On ne sait pas très bien où on est. On n’a pas lu le convo qui précède. On ne connaît personne. On ignore même ce que les gens étaient en train de faire, on sait même pas s’ils sont encore là.
Mais on a quelque chose à dire. Tusuite, drette-là!
Lundi, j’ai publié mon prompt-photo. Comme chaque semaine, une image et une invitation à écrire : qui est-ce? Que se passe-t-il? Raconte-moi une histoire.
La photo montre un mannequin coiffé d’une perruque qui tient une poupée de bébé à une fenêtre. Elle s’inspire d’une image connue de Michael Jackson. On peut reconnaître la référence ou pas. Ça n’a aucune importance. Le jeu n’est pas de trouver la bonne réponse. Il n’y en a pas.
Un inconnu est arrivé dans la conversation du chat.
Manifestement, il n’avait pas lu le billet. Il ne connaissait pas le jeu. Il a reconnu Michael Jackson et laissé quelques lignes sur « une icône pop qui aimait trop les enfants » et qui avait été « à la fois condamnée et blanchie de son vivant ».
Bon.
Hahaha???
Nope…
J’aurais pu ne rien répondre. J’ai plutôt essayé de lui montrer la porte du jeu. Oui, ça, c’est une version que certains appellent réalité. Maintenant on peut la tordre, lui faire dire autre chose et son contraire, inventer, jouer avec elle. Pis c’est vraiment le fun.
Je croyais lui tendre une chaise.
Erreur.
Il est revenu avec son « blanchie ». C’était précisément, m’a-t-il expliqué, jouer avec les mots. Et peut-être était-il le seul à trouver ça drôle.
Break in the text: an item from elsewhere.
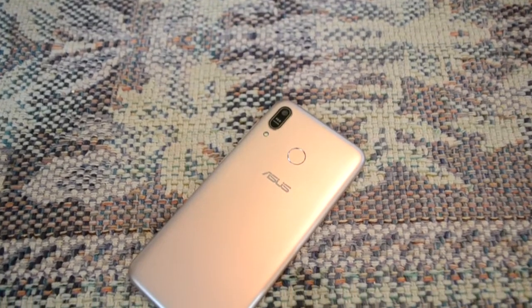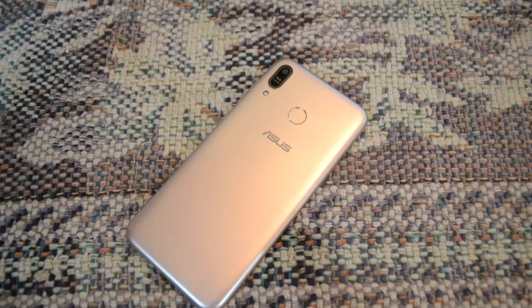Hey guys, Harshan back with another video. In this video I'm going to show you an in-depth review of this device — the Zenfone Max M1, or you can say Zenfone Max Pro M2. I've used this phone for 7-8 days.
Ah. T’as pas tort, m’sieur Chose… mais au delà de ce constat, j’ai réalisé que la conversation venait soudainement de bouger.
Et, j’ai reconnu …
Un fil Facebook.
Cette manière extraordinaire qu’ont certaines conversations sur les réseaux de se déplacer en trois commentaires. On était partis d’une photo, on devait inventer une histoire et nous voilà à discuter de la qualité d’un jeu de mots sur la couleur de peau et les effets d’une maladie.
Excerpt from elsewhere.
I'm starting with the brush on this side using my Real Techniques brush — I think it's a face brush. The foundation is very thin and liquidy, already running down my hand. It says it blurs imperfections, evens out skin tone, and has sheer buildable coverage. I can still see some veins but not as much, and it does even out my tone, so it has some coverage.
Je l’ai dit. J’ai même ajouté qu’il existe toutes sortes d’humour et que chacun trouve son public. Mike Ward a rempli des salles en faisant notamment de Jérémy Gabriel, un enfant handicapé, la cible d’un numéro. Il a manifestement trouvé son public. Je n’en fais pas partie.
J’ai d’ailleurs une hypersensibilité aux -istes. Les petites piques racistes, sexistes, âgistes, celles qu’on glisse en passant parce que « c’est juste une blague », je les entends. Et quand je suis là, il y a de bonnes chances que je les pointe du doigt. Pas besoin qu’elles soient énormes, haineuses ou revendiquées. Ce sont justement les petites qui passent le mieux sous le radar.
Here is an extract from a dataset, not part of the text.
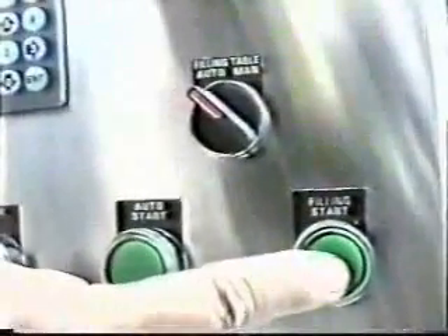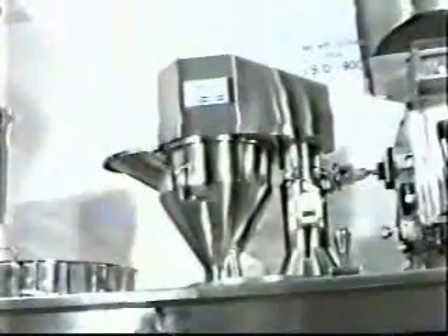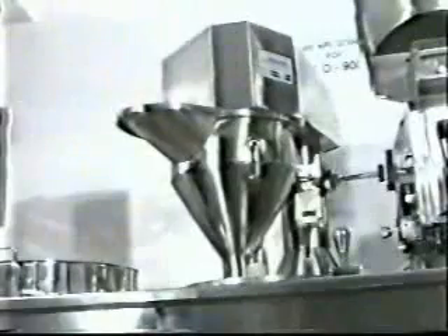In case of auto operation, keep the switch in auto mode and switch on the filling start operation by pushing the filling start push button provided on the right hand side control panel. Then swing the drug hopper over the ring for filling up powder.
Ça aurait pu s’arrêter là.
Mais non.
Il a suffi que je dise que le ressort de la blague me déplaisait, avec ces allusions à des accusations qui n’ont mené nulle part, les effets visibles d’une maladie et ce bon vieux ressort raciste autour de la couleur de peau, pour que celui qui avait fait la blague devienne soudainement celui qu’on offense.
C’est peut-être ça qui m’agace le plus dans ces petits dérapages numériques : désolée gang, mais faire une blague ne donne aucune garantie de la voir bien reçue.
Tu peux la faire, ta joke. Je peux ne pas en rire. Je peux même trouver douteux ce que tu as choisi pour me faire rire.
Tu peux même brailler qu’on ne peut plus rien dire. Ce à quoi je réponds invariablement : oh que oui, tu peux tout dire. Faut juste aussi accepter de vivre avec les conséquences de ce que tu dis.
Personne n’a besoin de convoquer les descendants de Michael Jackson pour trancher.
Ce qui me dérange là-dedans, c’est pas qu’un inconnu puisse arriver ici sans connaître les lieux. Tout le monde est un inconnu la première fois. On n’a pas besoin d’avoir lu mes archives complètes, passé un examen d’entrée et appris le règlement intérieur avant de laisser un commentaire.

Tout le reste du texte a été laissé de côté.